# Best bit for Reining



## SeeinSpotz (Jul 15, 2009)

*I was wondering what is the best bit to use for reining?*​


----------



## nrhareiner (Jan 11, 2009)

There is no one bit that is the best. It comes down to the horse and what THAT horse needs. Most of mine will run in just about any bit. I tend to like one with a higher port as it give more of a single to the horse with very little movement.


----------



## StylishK (Dec 12, 2008)

nrhareiner said:


> There is no one bit that is the best. It comes down to the horse and what THAT horse needs. Most of mine will run in just about any bit.
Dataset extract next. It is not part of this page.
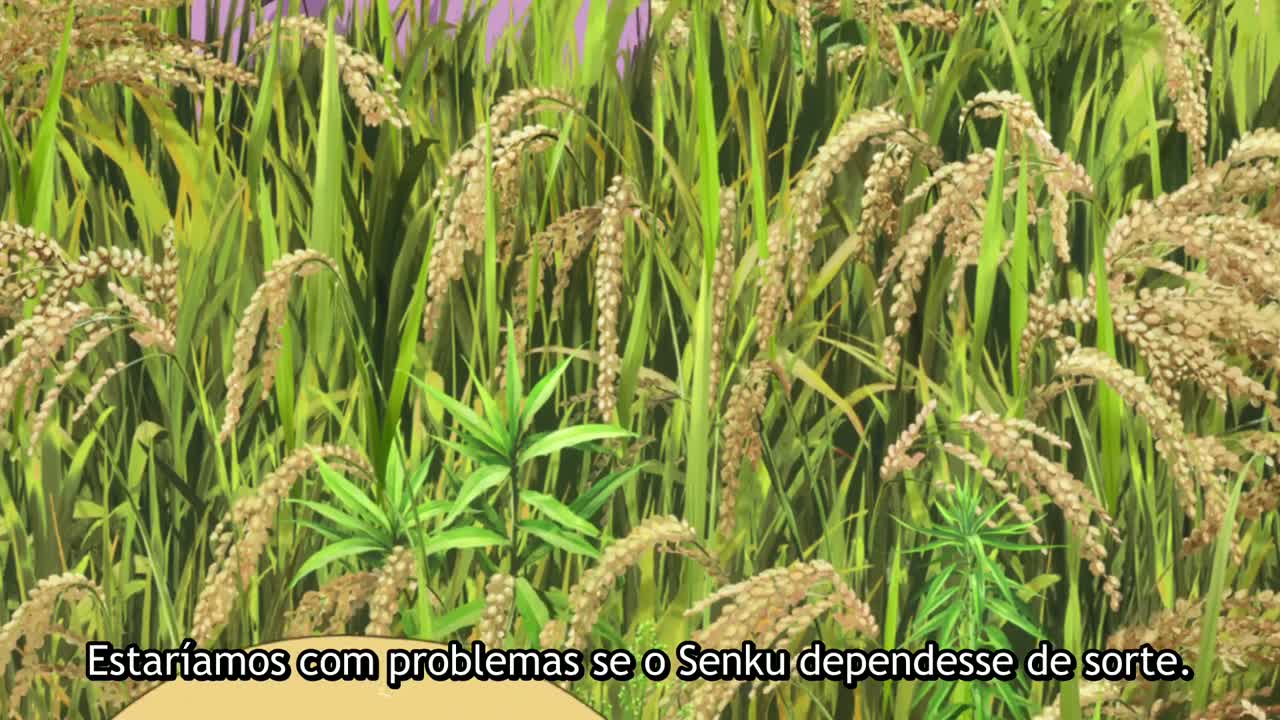 Episódio 006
I tend to like one with a higher port as it give more of a single to the horse with very little movement.


 
I agree it definitely depends on the horse.

My mare liked to gap at the mouth because of other issues, and we finally found a bit or two she was good in so those are the ones we started showing in.
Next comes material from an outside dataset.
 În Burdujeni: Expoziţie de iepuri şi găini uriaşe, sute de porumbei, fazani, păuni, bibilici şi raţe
For my mare (remember this is specifically for her).
I love to warm her up in a correction with a medium port. And my favourit bit to show her in is a lower port than that, we have two that a similar and she goes great in them. 
We tried everything on her, high/medium/low port, spoon bit, c-port. We play around till we found stuff she liked. And then we didn't use it to show in.

My show bit is pretty much the bit I put her on and start to warm up and then go show. Not the one I ride on an every day basis, especially not at shows. 

But you really just need to play around with it and figure out what works for your own horse.


----------